Bitcoiners are modern day revolutionaries. We have not been granted a weapon of revolution, as Gorbachev did to the Poles, Hungarians, and Czechs; we created it for ourselves. And in doing so, we have the chance to forestall the more violent (and oft unsuccessful) kind of revolution — you know, the ones where people die — the Bitcoin Revolution requires neither guns or bombs - just a wallet.
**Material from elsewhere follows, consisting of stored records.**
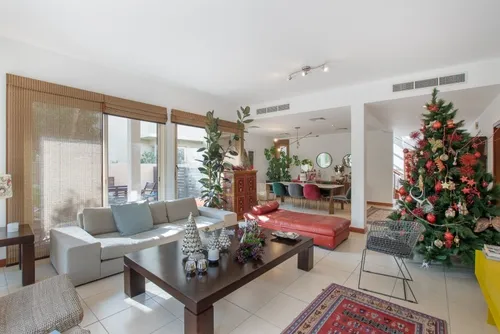 3 Bedrooms Villa in Saheel 1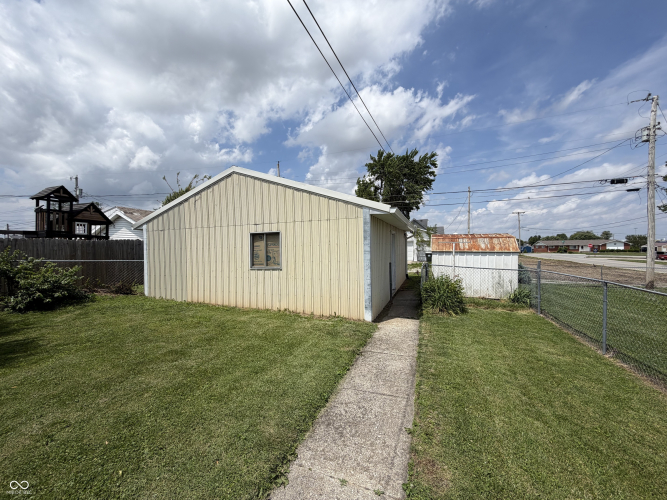 Listing Image 26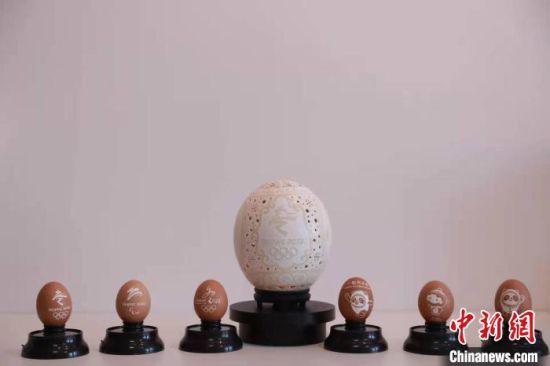 霍广健创作的融入北京2022年冬奥会元素的蛋雕作品�！÷烂骰� 摄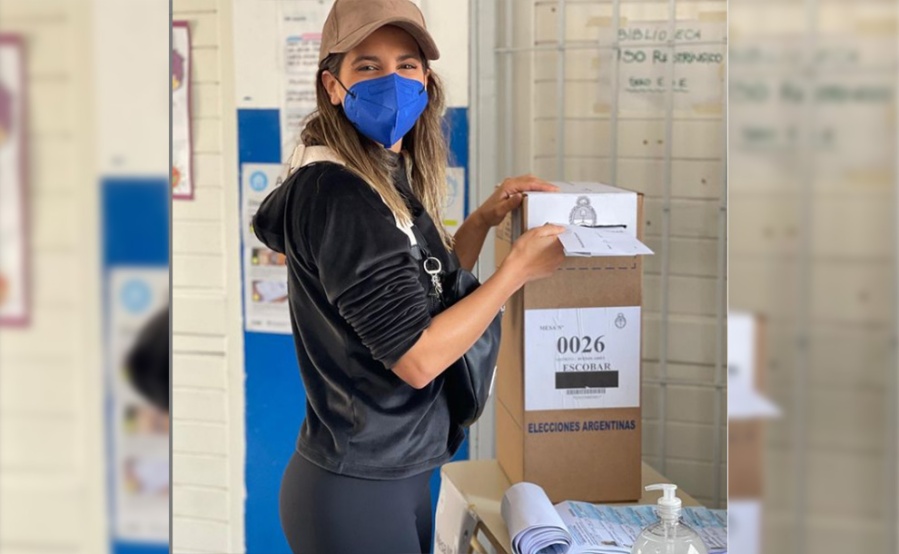 El look deportivo de Cinthia Fernández para votar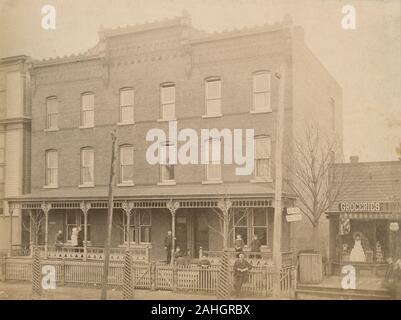 Antike c 1890 Foto, "Haus der Zeit Wylie Sekretär der Eisenbahn YMCA in Scranton, Pennsylvania." Neben A.B. Ralph Lebensmittel. Quelle: original Foto Stockfoto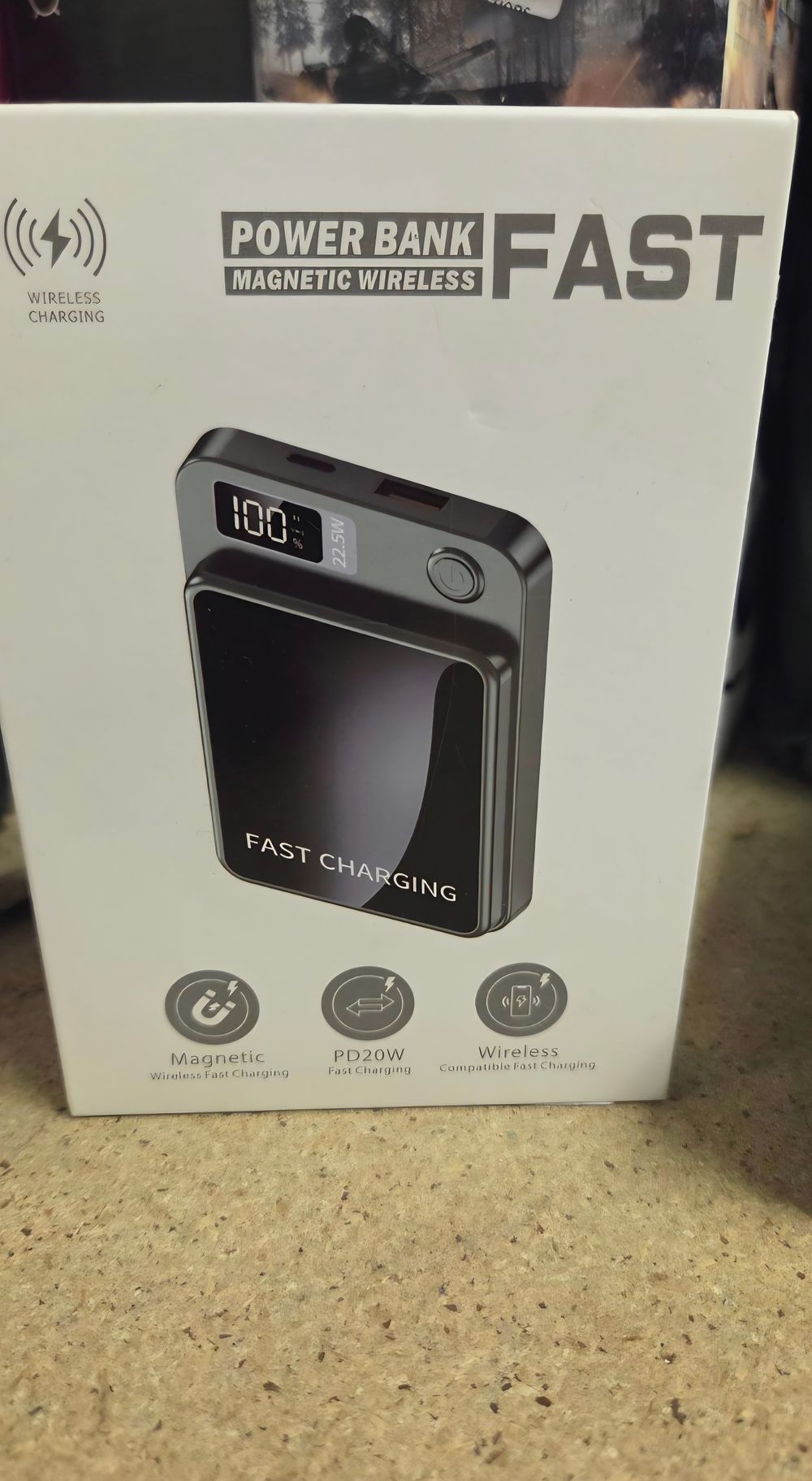Lot 343 – Magnetic Wireless Fast Charging Power Bank with 22.5W and PD20W Support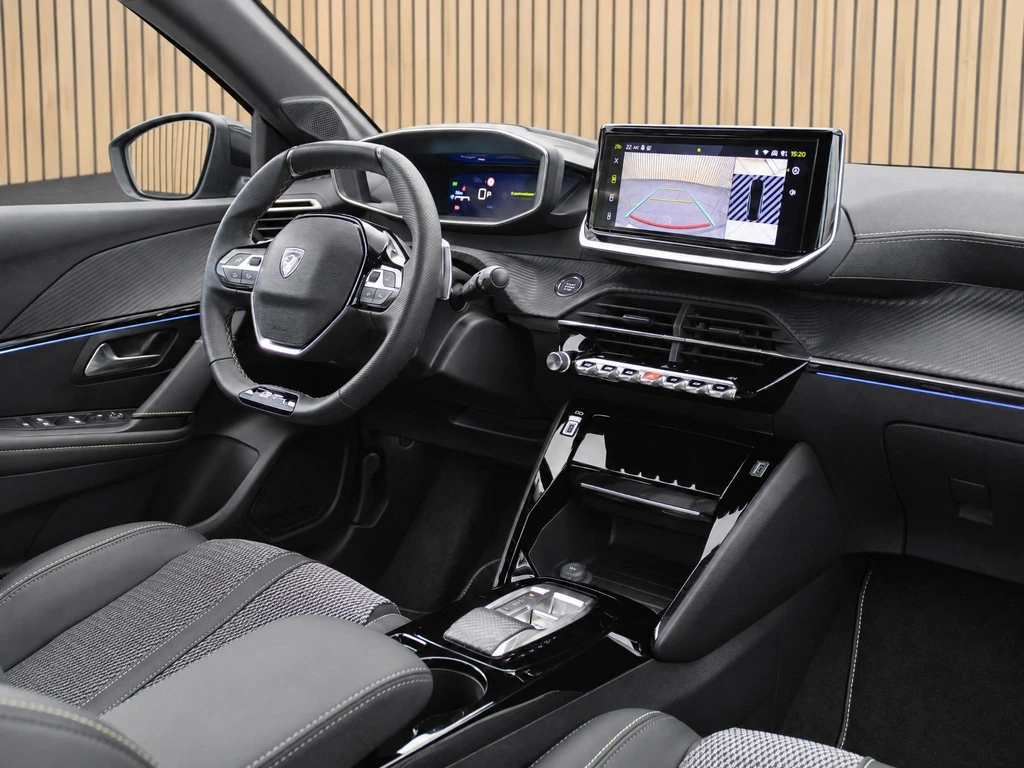 Peugeot 208 – foto 8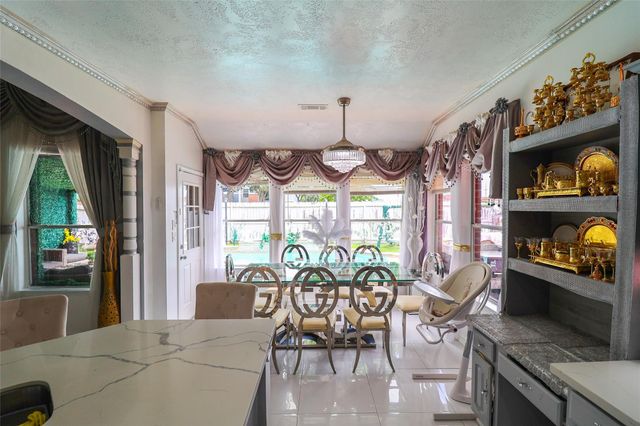 11731 Cobblestone Point Drive, Sugar Land, TX 77498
We face a choice between 1789 and 1989: either a violent, seismic outpouring of pent-up resentment that will destroy our society, or a peaceful, technologically-led revolution. The great thing about the Bitcoin Revolution is that we don’t have to fight the oligarchs: we can simply turn our backs on them and their utterly discredited system. And in protecting ourselves from the coming earthquake, we can reorder the financial world for the better.

U-Turn if You Want to...

If talkin’ bout a revolution has put you in a spin, let’s treat ourselves to a well-earned I-told-you-so.

More experienced bitcoiners may remember that in 2017, Jamie Dimon, CEO of JPMorgan Chase, dismissed Bitcoin as a fraud, telling an investor conference “this won’t end well.

The cracks began to show almost immediately. It wasn’t long before Dimon started backpedalling on his comments, saying he believed in the underlying value of the blockchain. Then in May this year, JPMorgan announced that it was indeed dipping its toe into crypto by offering accounts to two Bitcoin exchanges.

Last week, JPMorgan completed its U-turn with the release of a report hyping Bitcoin’s “considerable upside” in the long-term and admitting that it is outperforming gold as an alternative currency.

Jamie Dimon is still head of JPMorgan, and it would be astounding if he had not signed off this report. So, props to him: like any good economist, when his information changed, he changed his mind.

Of course, Bitcoin was designed to never change its direction, but eventually all its detractors will. As one might say: “U-turn if you want to. The Bitcoin’s not for turning.”

So let’s welcome this spectacular volte face and recognize it is a small but significant revolution in itself: another step on the road to Bitcoin hegemony.